The data
++++++

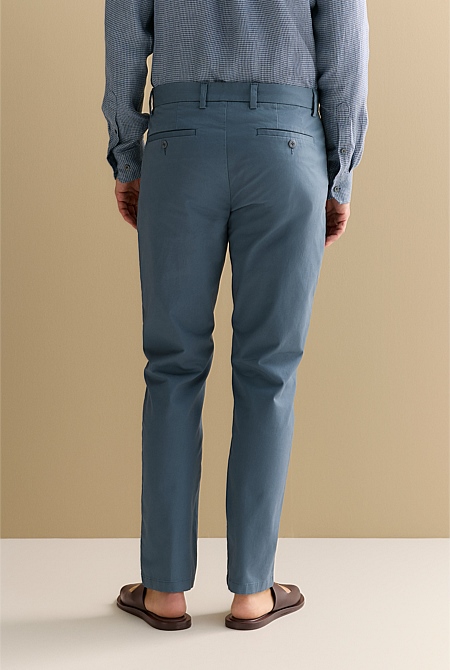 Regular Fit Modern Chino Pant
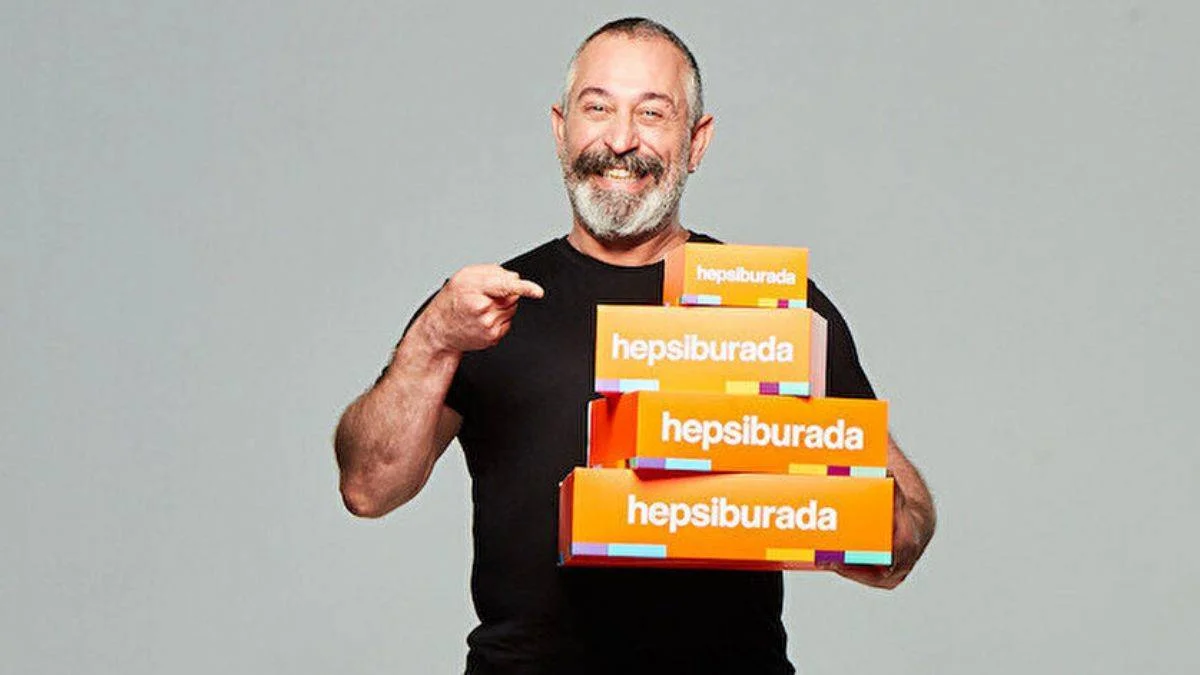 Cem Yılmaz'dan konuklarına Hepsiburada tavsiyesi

++++++

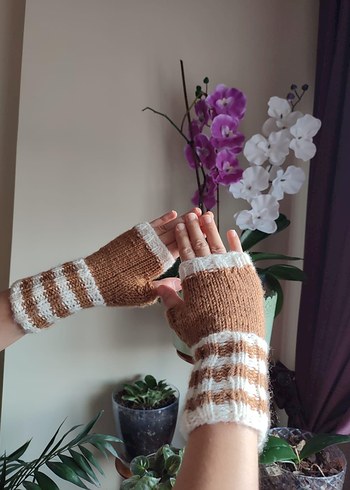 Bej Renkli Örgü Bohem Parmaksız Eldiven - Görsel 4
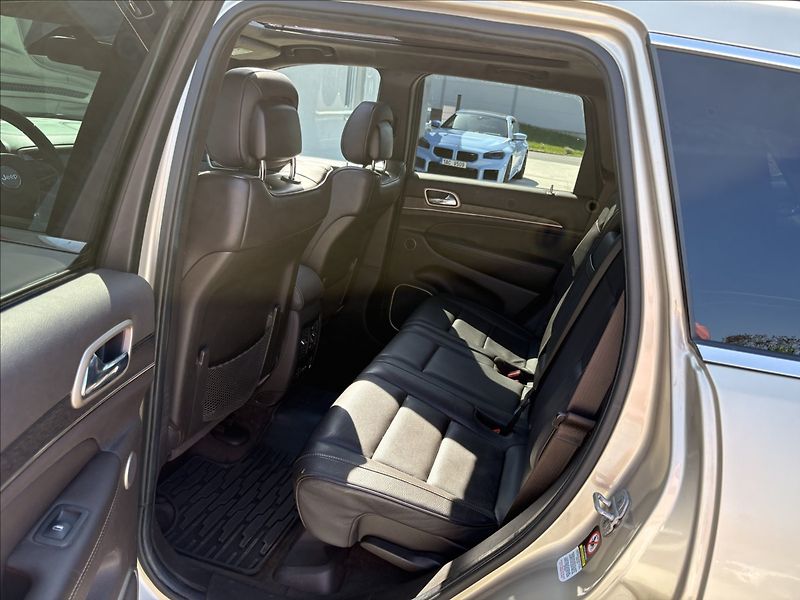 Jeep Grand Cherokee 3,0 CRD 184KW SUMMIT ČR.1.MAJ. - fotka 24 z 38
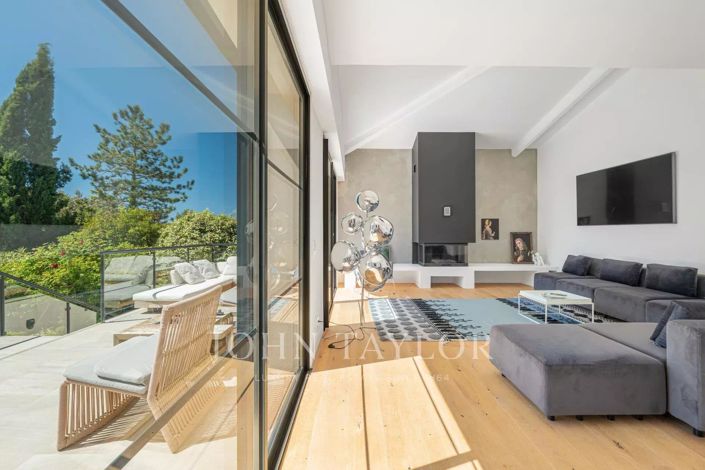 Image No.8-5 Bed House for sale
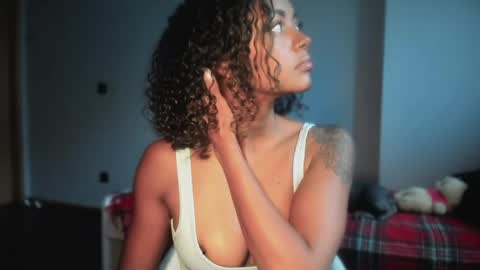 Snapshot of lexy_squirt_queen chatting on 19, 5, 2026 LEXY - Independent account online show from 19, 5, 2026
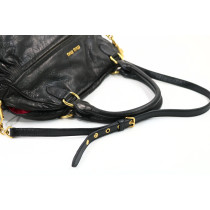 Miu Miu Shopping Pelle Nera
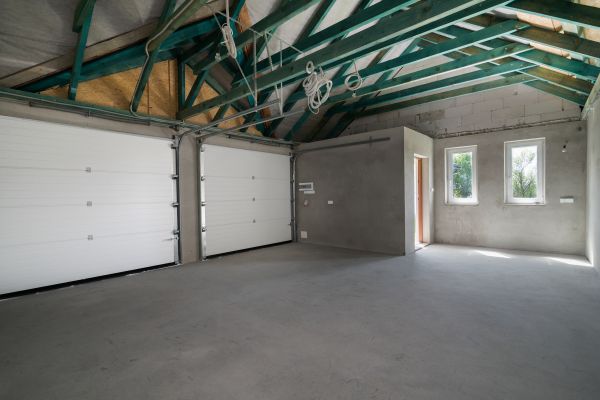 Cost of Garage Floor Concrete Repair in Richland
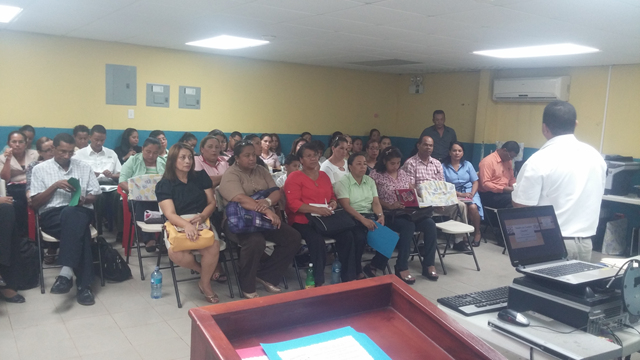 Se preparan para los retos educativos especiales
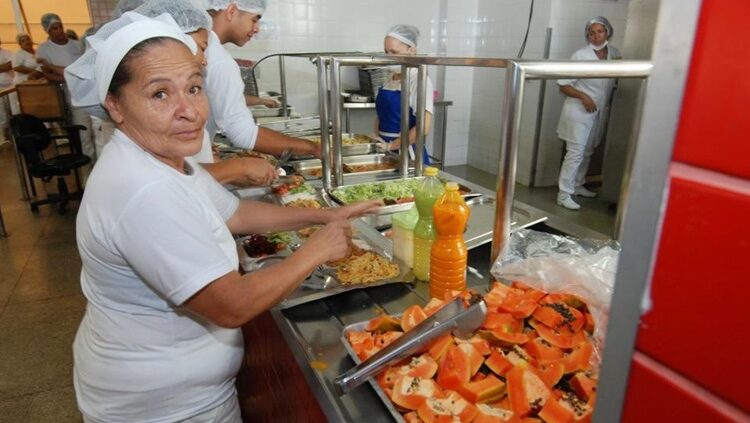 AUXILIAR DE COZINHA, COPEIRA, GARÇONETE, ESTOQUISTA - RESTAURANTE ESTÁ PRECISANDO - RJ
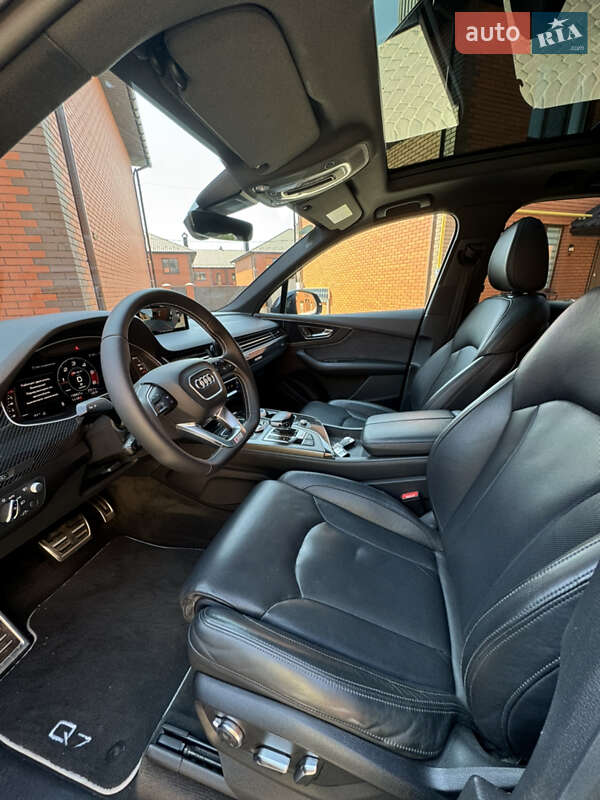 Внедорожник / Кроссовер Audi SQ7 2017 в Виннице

++++++

What is required
Using the records above, print exactly the run of lines that starts with the line with "Se preparan para" and goes on through the line with "Внедорожник / Кроссовер", pictures excluded.

Exercise response
 Se preparan para los retos educativos especiales
 AUXILIAR DE COZINHA, COPEIRA, GARÇONETE, ESTOQUISTA - RESTAURANTE ESTÁ PRECISANDO - RJ
 Внедорожник / Кроссовер Audi SQ7 2017 в Виннице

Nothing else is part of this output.